An expanded phenotype for RDP

One of the earliest indicators for a diagnosis of RDP was recognition of a rostrocaudal gradient of symptoms. The quantitative studies within this cohort made it possible to investigate this in depth. It became clear that the word “gradient” is imprecise. It can refer to progression, severity, or prevalence. A rostrocaudal gradient of progression is not a characteristic of RDP. Symptoms can progress in any affected body part, and 62% in this cohort presented first with limb dystonia. Clinical assessments tend to encompass both severity and prevalence. Only a small minority of carriers displayed a rostrocaudal gradient of severity (7%). We did not find a rostrocaudal gradient of symptom prevalence either: more carriers reported moderate to severe dystonia in their arms (77%) than speech or swallowing (70%), legs (65%) or face (51%). Future studies of RDP may provide more information, but we recommend researchers distinguish between whether progression, severity, or symptom prevalence is being documented in any gradient observed.

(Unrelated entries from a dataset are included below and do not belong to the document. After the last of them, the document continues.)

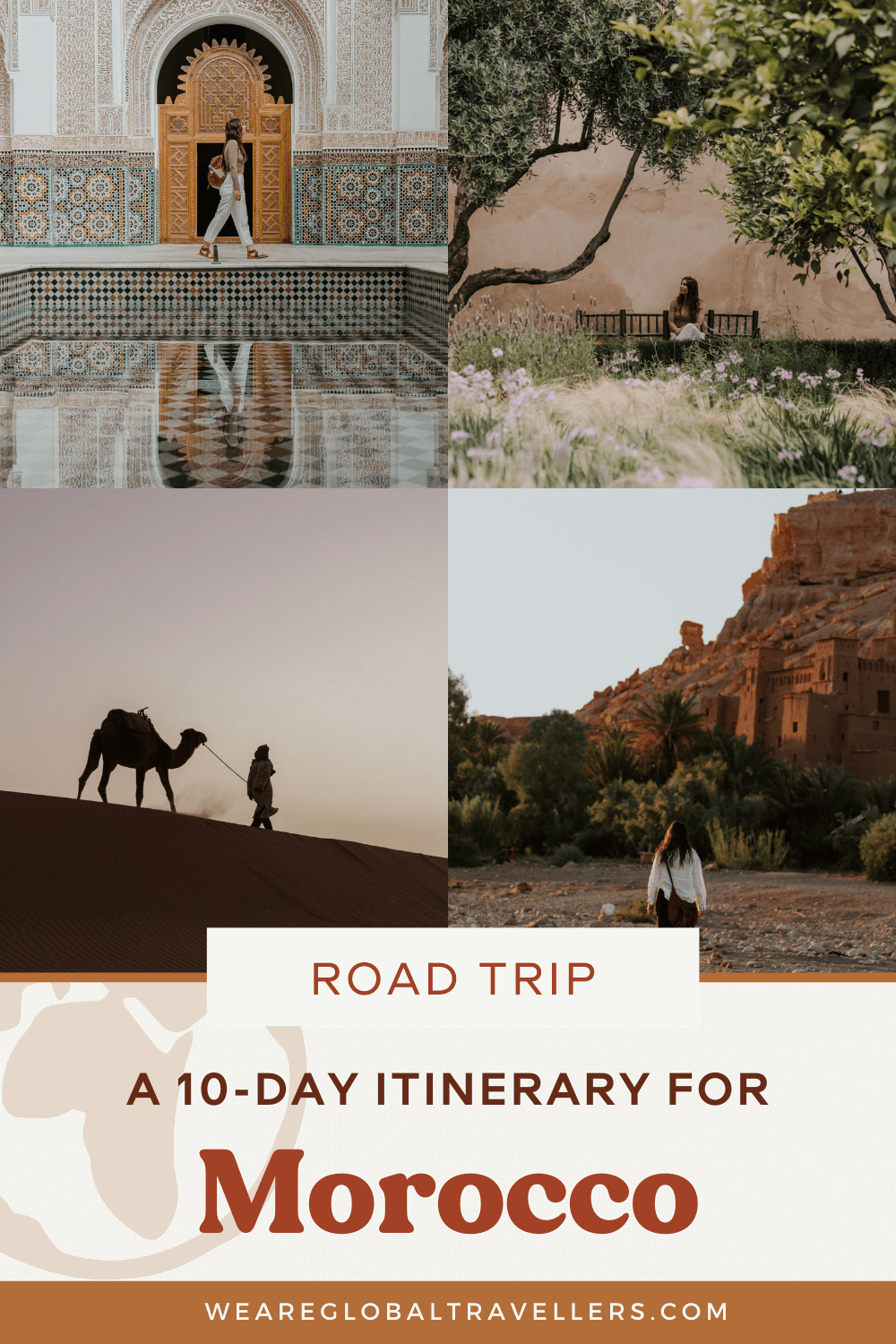 A 10-day Morocco road trip itinerary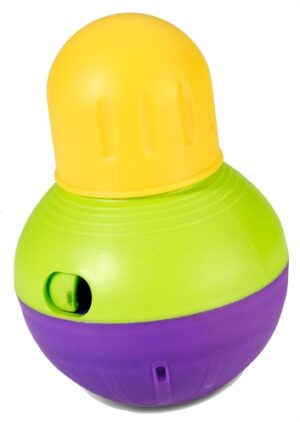 Starmark Bob-a-lot Voerkegel Small 16x10x10 CM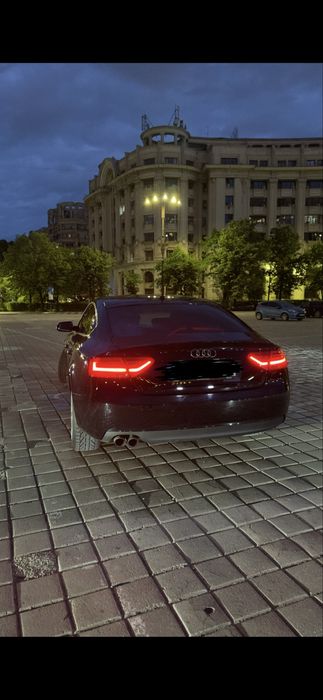 Vand Audi A5 2.0 tdi 2015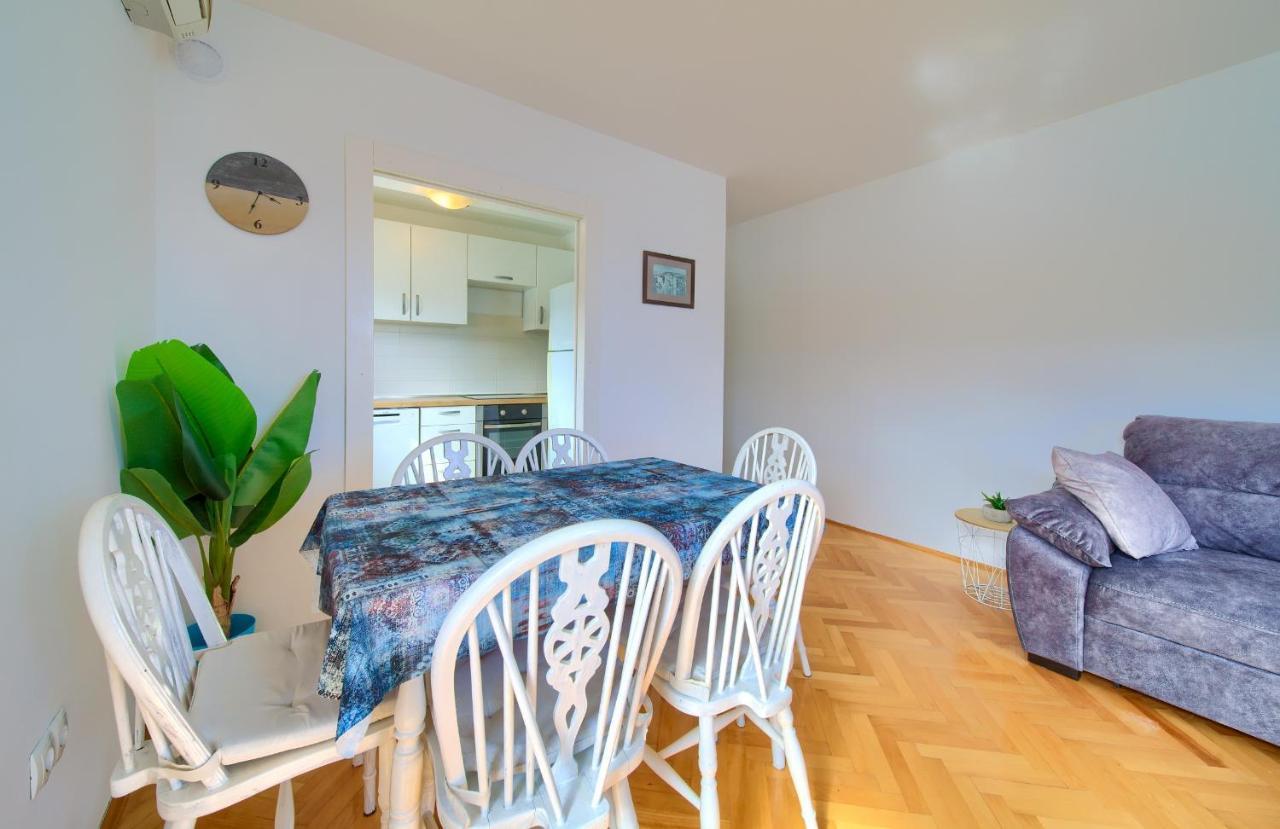 Apartment Frane Baška Kültér fotó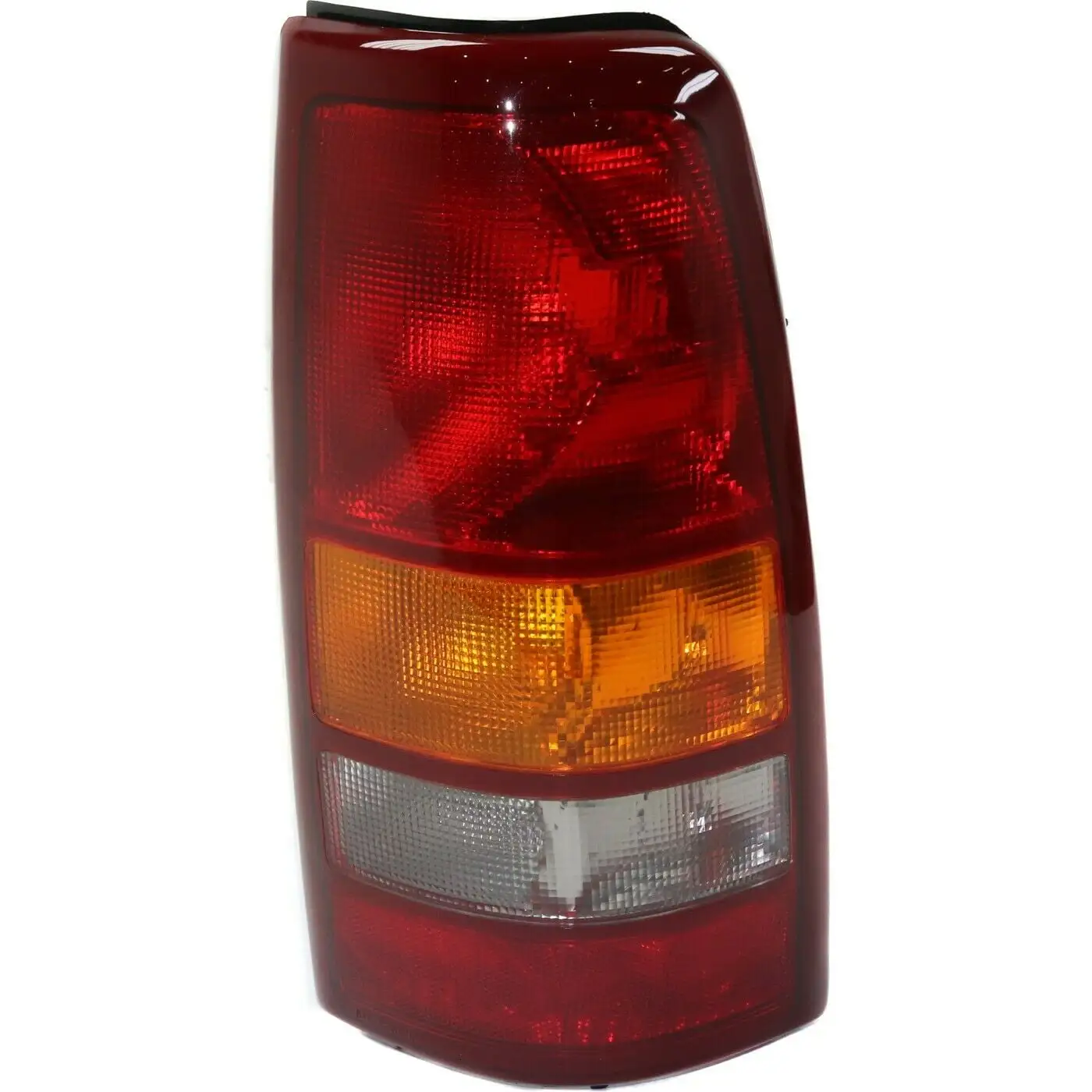 Halogen Tail Light For F250 F350 F450 F550 SuperDuty Right Clear/Red Lens Fits select: 2008-2016 FORD F250 SUPER DUTY. 2009-2016 FORD F350 SUPER DUTY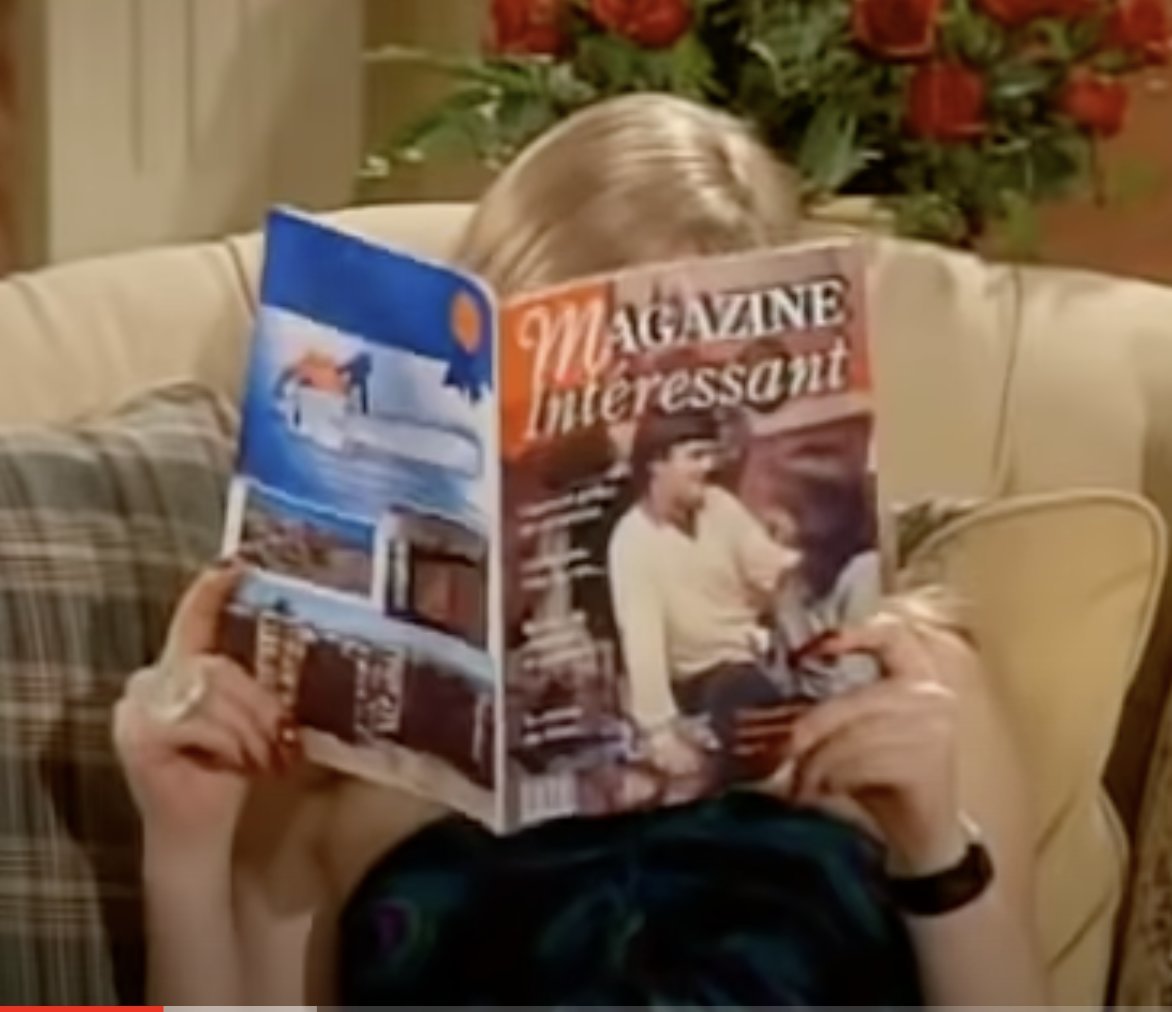 becky walters le coeur a ses raisons mechante mesquine mauvaise vilaine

This evolution of phenotype is a natural consequence of RDP’s transition from a set of symptoms to a disease anchored in ATP1A3 mutations. First reports were limited to families in whom linkage analyses could reveal the underlying genetic mutation. Identification of an underlying genetic cause has allowed individuals with less characteristic phenotypes to be checked for the condition. Our current analysis also takes advantage of more detailed data collection than was previously possible. Our analyses show that RDP is neither always associated with rapid onset nor with parkinsonism. Moreover, parkinsonism is not always an independent entity. It was strongly correlated with dystonia, suggesting that in many patients some of the UPDRS score was capturing bradykinesia and rigidity due to dystonia.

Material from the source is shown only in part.